Reputation: 15
We are testing with STORAGE_WRITE_API to insert data into BigQuery. We've seen several errors/warnings in our Dataflow pipeline(written in Java). It might work well in the beginning, but eventually the system lag would be increasing, it would stop processing any data from PubSub and the unacked messages piled up.
One common warning is:
Operation ongoing in step insertTableRowsToBigQuery/StorageApiLoads/StorageApiWriteSharded/Write Records for at least 03h35m00s without outputting or completing in state process
at [email protected]/jdk.internal.misc.Unsafe.park(Native Method)
at [email protected]/java.util.concurrent.locks.LockSupport.park(LockSupport.java:194)
at [email protected]/java.util.concurrent.locks.AbstractQueuedSynchronizer.parkAndCheckInterrupt(AbstractQueuedSynchronizer.java:885)
at [email protected]/java.util.concurrent.locks.AbstractQueuedSynchronizer.doAcquireSharedInterruptibly(AbstractQueuedSynchronizer.java:1039)
at [email protected]/java.util.concurrent.locks.AbstractQueuedSynchronizer.acquireSharedInterruptibly(AbstractQueuedSynchronizer.java:1345)
at [email protected]/java.util.concurrent.CountDownLatch.await(CountDownLatch.java:232)
at app//org.apache.beam.sdk.io.gcp.bigquery.RetryManager$Callback.await(RetryManager.java:153)
at app//org.apache.beam.sdk.io.gcp.bigquery.RetryManager$Operation.await(RetryManager.java:136)
at app//org.apache.beam.sdk.io.gcp.bigquery.RetryManager.await(RetryManager.java:256)
at app//org.apache.beam.sdk.io.gcp.bigquery.RetryManager.run(RetryManager.java:248)
at app//org.apache.beam.sdk.io.gcp.bigquery.StorageApiWritesShardedRecords$WriteRecordsDoFn.process(StorageApiWritesShardedRecords.java:453)
at app//org.apache.beam.sdk.io.gcp.bigquery.StorageApiWritesShardedRecords$WriteRecordsDoFn$DoFnInvoker.invokeProcessElement(Unknown Source)
Other exceptions we've seen:
Got error io.grpc.StatusRuntimeException: FAILED_PRECONDITION: Stream is closed
Got error io.grpc.StatusRuntimeException: ALREADY_EXIST
PodSandboxStatus of sandbox "..." for pod "df-...-pipeline-...-harness-qw4j_default(...)" error: rpc error: code = Unknown desc = Error: No such container
Code sample:
toBq.apply("insertTableRowsToBigQuery",
BigQueryIO
.writeTableRows()
.to(String.format("%s:%s.%s", PROJECT_ID, DATASET, table))
.withTriggeringFrequency(Duration.standardSeconds(options.getTriggeringFrequency()))

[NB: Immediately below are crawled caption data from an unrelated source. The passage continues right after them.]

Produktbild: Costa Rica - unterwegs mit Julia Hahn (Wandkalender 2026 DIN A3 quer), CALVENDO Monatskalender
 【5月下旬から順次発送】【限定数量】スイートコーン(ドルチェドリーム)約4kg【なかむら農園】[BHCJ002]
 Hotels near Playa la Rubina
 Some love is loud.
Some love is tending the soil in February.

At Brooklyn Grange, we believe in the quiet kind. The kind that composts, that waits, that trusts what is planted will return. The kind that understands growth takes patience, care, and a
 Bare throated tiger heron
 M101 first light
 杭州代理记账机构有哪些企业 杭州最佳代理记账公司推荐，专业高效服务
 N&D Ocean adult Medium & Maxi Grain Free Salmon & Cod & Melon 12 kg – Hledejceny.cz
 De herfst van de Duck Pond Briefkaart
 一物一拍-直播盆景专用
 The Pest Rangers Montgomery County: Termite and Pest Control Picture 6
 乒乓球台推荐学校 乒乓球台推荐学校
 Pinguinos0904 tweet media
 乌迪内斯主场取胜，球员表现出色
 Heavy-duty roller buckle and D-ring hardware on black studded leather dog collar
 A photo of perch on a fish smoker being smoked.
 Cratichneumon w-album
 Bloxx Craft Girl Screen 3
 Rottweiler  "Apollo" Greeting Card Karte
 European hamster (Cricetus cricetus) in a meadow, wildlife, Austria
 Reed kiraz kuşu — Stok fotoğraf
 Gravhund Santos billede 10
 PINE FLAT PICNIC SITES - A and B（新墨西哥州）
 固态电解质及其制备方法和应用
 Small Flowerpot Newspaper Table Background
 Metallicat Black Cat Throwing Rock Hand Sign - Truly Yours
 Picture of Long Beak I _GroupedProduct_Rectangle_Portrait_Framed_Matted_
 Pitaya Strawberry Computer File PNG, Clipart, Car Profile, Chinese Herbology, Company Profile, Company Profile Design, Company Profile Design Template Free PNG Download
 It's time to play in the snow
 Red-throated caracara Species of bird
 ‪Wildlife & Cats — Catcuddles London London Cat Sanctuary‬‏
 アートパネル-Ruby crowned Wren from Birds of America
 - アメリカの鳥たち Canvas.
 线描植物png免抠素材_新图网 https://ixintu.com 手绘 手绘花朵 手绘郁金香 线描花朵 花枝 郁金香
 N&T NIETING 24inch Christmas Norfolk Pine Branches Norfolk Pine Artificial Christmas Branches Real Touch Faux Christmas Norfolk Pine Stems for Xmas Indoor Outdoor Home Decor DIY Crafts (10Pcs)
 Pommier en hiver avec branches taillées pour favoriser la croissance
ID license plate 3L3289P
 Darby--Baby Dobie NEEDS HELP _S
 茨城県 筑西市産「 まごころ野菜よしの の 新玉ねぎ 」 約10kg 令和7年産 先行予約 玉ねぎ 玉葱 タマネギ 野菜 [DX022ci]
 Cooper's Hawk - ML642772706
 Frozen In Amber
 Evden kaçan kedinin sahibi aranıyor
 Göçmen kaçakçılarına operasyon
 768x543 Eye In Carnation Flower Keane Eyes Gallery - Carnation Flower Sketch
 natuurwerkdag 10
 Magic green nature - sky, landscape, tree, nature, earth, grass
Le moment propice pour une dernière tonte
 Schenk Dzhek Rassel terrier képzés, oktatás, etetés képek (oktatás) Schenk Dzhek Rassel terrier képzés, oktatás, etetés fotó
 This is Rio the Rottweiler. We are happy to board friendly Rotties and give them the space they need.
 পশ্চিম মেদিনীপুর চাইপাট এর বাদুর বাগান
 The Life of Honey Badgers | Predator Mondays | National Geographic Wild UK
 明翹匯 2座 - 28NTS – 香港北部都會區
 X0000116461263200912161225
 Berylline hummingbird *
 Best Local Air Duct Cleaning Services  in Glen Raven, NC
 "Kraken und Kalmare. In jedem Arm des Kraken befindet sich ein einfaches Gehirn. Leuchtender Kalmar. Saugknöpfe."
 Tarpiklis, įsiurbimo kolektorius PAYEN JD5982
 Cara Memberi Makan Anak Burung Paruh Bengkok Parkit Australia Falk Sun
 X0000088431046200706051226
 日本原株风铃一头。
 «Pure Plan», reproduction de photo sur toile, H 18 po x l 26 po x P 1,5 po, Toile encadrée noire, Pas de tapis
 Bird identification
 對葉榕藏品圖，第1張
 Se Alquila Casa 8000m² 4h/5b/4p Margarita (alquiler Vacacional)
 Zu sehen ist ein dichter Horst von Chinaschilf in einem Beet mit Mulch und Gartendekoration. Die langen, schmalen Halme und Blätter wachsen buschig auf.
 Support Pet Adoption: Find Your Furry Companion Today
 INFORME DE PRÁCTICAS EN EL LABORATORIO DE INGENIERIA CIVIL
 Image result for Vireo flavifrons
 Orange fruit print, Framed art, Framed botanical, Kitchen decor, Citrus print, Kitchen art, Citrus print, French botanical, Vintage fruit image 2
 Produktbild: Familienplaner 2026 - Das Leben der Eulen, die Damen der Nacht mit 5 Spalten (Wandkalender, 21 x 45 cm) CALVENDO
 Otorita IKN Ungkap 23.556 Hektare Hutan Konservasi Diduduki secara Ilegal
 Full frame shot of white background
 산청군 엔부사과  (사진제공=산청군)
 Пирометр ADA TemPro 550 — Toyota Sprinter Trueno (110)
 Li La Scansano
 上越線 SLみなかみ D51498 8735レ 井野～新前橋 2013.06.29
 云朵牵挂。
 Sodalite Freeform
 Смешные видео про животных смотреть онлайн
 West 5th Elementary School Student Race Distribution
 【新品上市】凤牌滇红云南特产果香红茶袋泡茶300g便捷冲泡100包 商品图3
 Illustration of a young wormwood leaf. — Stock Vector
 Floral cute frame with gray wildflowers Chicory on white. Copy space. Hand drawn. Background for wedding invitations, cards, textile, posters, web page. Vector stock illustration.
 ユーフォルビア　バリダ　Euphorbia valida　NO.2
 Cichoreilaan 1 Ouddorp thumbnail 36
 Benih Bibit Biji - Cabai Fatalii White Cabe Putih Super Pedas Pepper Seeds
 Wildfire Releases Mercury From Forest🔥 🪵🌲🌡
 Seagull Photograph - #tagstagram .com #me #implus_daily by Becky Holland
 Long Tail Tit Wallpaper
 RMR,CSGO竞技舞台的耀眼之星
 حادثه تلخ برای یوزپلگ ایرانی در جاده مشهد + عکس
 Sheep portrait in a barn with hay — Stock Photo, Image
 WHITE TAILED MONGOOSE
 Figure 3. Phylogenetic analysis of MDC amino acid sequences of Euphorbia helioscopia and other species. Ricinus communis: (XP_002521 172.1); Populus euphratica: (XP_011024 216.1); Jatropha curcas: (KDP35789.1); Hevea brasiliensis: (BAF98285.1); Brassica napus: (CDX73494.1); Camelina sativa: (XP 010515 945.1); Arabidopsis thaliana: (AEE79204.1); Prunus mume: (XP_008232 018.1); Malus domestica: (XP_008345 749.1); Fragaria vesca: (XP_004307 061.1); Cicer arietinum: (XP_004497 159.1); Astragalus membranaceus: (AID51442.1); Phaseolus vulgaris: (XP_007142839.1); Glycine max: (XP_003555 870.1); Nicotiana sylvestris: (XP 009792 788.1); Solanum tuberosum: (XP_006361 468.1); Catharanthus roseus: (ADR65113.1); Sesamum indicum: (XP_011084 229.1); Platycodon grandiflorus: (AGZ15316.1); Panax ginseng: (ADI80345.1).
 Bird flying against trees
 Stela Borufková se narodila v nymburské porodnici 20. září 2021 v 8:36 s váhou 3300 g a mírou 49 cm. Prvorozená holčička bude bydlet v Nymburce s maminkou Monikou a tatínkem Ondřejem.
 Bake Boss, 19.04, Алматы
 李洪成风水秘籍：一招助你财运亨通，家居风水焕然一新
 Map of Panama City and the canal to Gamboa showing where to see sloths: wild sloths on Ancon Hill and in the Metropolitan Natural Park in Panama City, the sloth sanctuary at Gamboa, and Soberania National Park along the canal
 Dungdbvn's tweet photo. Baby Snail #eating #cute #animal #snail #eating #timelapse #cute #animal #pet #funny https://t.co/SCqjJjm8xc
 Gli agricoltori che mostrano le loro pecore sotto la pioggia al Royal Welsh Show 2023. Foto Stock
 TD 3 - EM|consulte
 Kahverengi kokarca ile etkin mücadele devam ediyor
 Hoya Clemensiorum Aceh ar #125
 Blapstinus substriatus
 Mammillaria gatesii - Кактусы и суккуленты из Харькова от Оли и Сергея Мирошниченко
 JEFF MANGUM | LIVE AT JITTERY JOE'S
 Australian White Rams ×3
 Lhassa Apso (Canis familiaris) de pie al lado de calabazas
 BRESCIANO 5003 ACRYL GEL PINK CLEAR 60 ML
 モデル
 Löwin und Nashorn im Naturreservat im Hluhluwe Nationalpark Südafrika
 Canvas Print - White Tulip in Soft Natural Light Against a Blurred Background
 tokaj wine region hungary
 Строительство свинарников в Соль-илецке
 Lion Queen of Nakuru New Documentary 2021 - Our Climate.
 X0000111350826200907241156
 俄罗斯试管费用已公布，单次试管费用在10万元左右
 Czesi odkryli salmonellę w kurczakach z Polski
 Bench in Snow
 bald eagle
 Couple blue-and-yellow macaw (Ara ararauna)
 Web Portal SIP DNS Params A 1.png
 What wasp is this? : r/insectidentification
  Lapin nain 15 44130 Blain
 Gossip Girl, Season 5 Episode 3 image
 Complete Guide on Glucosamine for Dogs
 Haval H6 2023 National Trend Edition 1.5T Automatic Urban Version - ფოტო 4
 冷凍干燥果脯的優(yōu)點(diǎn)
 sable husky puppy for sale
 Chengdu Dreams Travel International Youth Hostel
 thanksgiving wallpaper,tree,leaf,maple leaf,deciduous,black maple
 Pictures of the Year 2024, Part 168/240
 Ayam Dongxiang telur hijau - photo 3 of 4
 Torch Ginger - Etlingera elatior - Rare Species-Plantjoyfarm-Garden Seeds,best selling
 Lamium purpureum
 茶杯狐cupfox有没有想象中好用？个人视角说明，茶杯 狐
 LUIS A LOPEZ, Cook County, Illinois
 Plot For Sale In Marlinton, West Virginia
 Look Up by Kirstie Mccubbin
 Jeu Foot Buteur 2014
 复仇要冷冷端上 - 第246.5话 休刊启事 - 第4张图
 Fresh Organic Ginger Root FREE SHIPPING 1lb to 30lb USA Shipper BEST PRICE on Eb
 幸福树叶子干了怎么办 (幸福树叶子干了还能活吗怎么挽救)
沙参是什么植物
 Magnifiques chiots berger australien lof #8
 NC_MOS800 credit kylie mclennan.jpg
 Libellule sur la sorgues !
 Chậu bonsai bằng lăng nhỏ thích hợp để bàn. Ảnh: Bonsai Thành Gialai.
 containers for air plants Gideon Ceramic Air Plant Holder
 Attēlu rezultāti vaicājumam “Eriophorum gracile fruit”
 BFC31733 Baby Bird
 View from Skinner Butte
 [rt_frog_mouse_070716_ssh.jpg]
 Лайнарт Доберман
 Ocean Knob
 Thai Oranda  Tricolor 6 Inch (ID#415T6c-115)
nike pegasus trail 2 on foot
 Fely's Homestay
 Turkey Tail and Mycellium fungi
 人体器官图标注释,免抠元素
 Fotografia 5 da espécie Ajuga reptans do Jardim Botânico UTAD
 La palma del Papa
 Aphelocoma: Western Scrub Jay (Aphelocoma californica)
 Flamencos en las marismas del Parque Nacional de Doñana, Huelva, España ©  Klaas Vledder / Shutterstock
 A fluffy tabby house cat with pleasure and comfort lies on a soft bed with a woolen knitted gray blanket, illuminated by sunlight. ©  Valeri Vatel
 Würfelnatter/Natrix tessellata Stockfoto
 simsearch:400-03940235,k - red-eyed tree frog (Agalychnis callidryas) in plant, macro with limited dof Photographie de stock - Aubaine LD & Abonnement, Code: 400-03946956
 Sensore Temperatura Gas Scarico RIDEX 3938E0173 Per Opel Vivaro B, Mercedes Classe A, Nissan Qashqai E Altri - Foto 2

.withNumStorageWriteApiStreams(options.getNumStorageWriteApiStreams())
.withCreateDisposition(BigQueryIO.Write.CreateDisposition.CREATE_NEVER)
.withWriteDisposition(BigQueryIO.Write.WriteDisposition.WRITE_APPEND));
Upvotes: 0
Views: 791
Reputation: 132
There was a production issue related to connection being stuck after streaming 10MB which has been fixed. If you try again, it should work.
Upvotes: 1